Bueno, pues ya está aquí, un año más y con mal tiempo, según las previsiones. La Tamborrada cierra el mes más festivo del año en esta ciudad, ese que empieza el 21 de Diciembre con olor a txistorra y termina pasado mañana, 20 de Enero con redoble de miles de tambores para descanso de nuestros estómagos (y de nuestros bolsillos).
Son precisamente esas dos fiestas, Santo Tomás y San Sebastián, las que más me gustan –por no decir las únicas- del calendario invernal exhaustivo de desenfreno gastronómico y consumista; digamos que es como una película larguísima de un realizador surrealista, que te gusta cuando empieza y cuando termina, pero lo que hay entre medias estás deseando que pase rápido.
En realidad mi calendario anual no empieza con las uvas y los petardos, sino con la izada de bandera la víspera de San Sebastián. Es esa noche, una noche importante en mi imaginario particular, una noche que empezó a cargarse de significado un 19 de Enero de 1977, cuando asistí por primera vez a la izada en público de una bandera que había estado confiscada y escondida en el corazón popular por imperativo legal de quien hacía las leyes entonces.

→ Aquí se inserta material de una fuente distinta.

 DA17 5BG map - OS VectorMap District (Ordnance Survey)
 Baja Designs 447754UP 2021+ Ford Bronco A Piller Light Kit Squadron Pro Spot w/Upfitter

Aquella noche, en la Plaza de la Constitución, que todavía se llamaba Plaza del 18 de Julio por hacer referencia a una fecha que será tristemente histórica en este país -y que no sé si los jóvenes sabrían ubicar adecuadamente-, con mi recién estrenada conciencia política de cómo funcionaba nuestro pequeño mundo, formé parte de una emoción colectiva que despertó en mí el germen de la reflexión sobre el mundo en el que me estaba tocando vivir. Aquella noche heladora de 1977 fuimos a la plaza a llorar de alegría. Así la recuerdo a pesar de todo el tiempo transcurrido.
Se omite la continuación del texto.